Doc was always into sports. When we were in Vancouver, he would always be up for a game of volleyball. However he really came into his element once he moved to Seattle. He became an integral part of our “Very Tough Team” cricket team. It was always a treat seeing him bowl, running in, almost always in slightly loose track suit, throwing his arms wildly in the air whenever he gets a wicket and enthusiastically hugging his teammates.

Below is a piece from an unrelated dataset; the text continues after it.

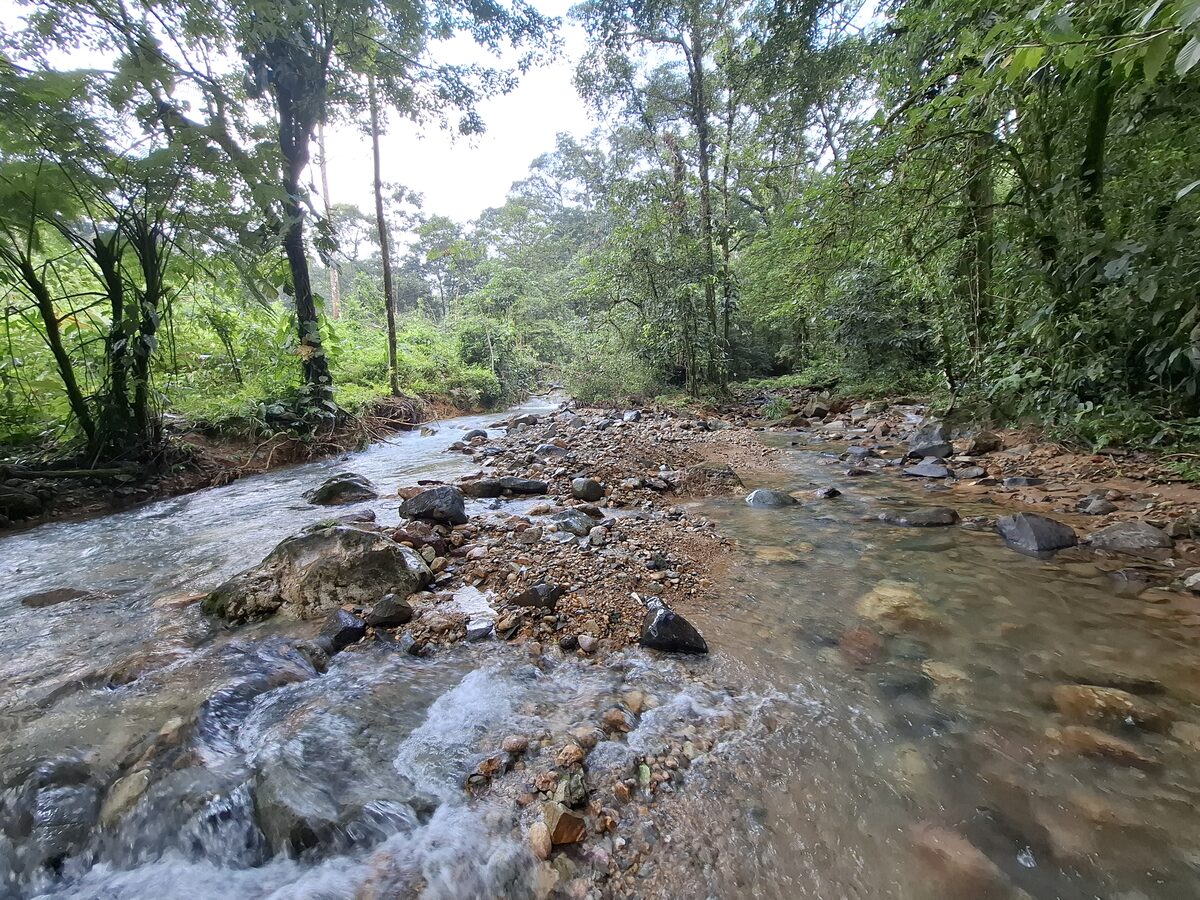 Quebrada Arenilla con vegetación tropical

Doc was always great with advices. Any discussion with him would go on for hours. He would always treat your opinions with respect. I remember that I would pitch him some weird idea and he would rephrase it into something much better. Doc never spoke ill of anyone. When we both reported to the same difficult manager, he would always talk about the positive aspects while I would be complaining. When I moved down to California and call him up to discuss something, we’d end up talking for almost an hour. Even when he had been diagnosed with cancer, he would still hear me out and offer advice. He didn’t tell anyone about his illness except a select people. I only knew that he was sick and when I called him up, he just asked me to pray for him. And when I got a call about his death, I couldn’t believe it. I just sat in my apartment waiting for the tears to come, waiting for someone to call me back telling me that he was fine and that he hasn’t left us. It took me almost an year to finish this eulogy because I couldn’t bring myself to write about him. I just hope that when his children grow up, they could find this feeble attempt of mine and realize what an amazing person their dad was. Rest in peace doctor sahab.